Esta sua posição foi submetida no âmbito do procedimento de consulta pública a decorrer sobre a proposta do PSZAER no Portal PARTICIPA.
O Município reconhece a importância estratégica da transição energética, da descarbonização da economia e do reforço da produção de energia a partir de fontes renováveis, objetivos que se encontram alinhados com os compromissos nacionais e europeus em matéria de ação climática.
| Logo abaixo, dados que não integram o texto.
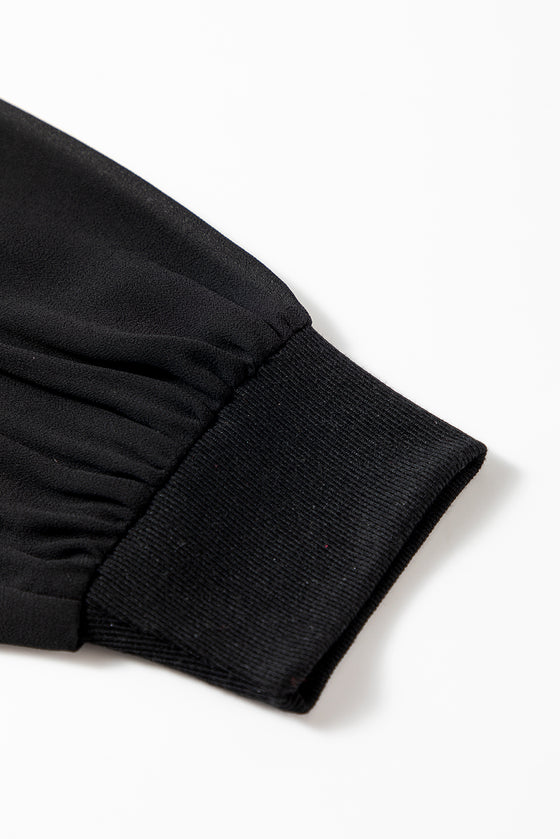 Solid Color V Neck Wrap Mesh Sleeves Bodysuit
Todavia, considera igualmente indispensável que a concretização desses objetivos seja acompanhada por uma adequada ponderação dos valores ambientais, paisagísticos, agrícolas, florestais, económicos e sociais, bem como da salvaguarda da autonomia do poder local e dos instrumentos de gestão territorial em vigor.
A 18.ª Alteração ao Plano Diretor Municipal, atualmente em elaboração, constitui uma resposta estratégica do Município a esta realidade, prevendo a sujeição destes empreendimentos ao reconhecimento de interesse municipal quando, pela sua dimensão, características ou impactes expectáveis, possam determinar alterações significativas na ocupação do solo, na paisagem, nos valores naturais ou na estrutura ecológica municipal, estabelecendo igualmente critérios objetivos para a respetiva apreciação.
A atual proposta do PSZAER, com a qual o Município não concorda, abrange aproximadamente 30% do território e suscita reservas quanto à observância dos princípios de proporcionalidade, da adequação e da compatibilização de usos do solo, podendo comprometer a gestão equilibrada do território e a prossecução do modelo territorial definido nos instrumentos de gestão territorial, como o PDM.
As áreas propostas para Zonas de Aceleração para as Energias Renováveis afetam áreas consolidadas de ocupação urbana, espaços de reconhecido interesse patrimonial, histórico e cultural (como os moinhos de água) e condicionam espaços de atividades económicas, podendo pôr em causa o modelo de desenvolvimento económico e social do Município e a sua capacidade de atrair investimento e criar emprego.
O Município considera que a proposta de delimitação das ZAER deve ser objeto de revisão, mediante uma reavaliação dos critérios de seleção das áreas elegíveis e uma efetiva articulação com os municípios e com os instrumentos de gestão territorial, assegurando que a prossecução das metas da transição energética se concretize de forma territorialmente equilibrada, ambientalmente sustentável e compatível com a estratégia de desenvolvimento local e com o interesse público municipal.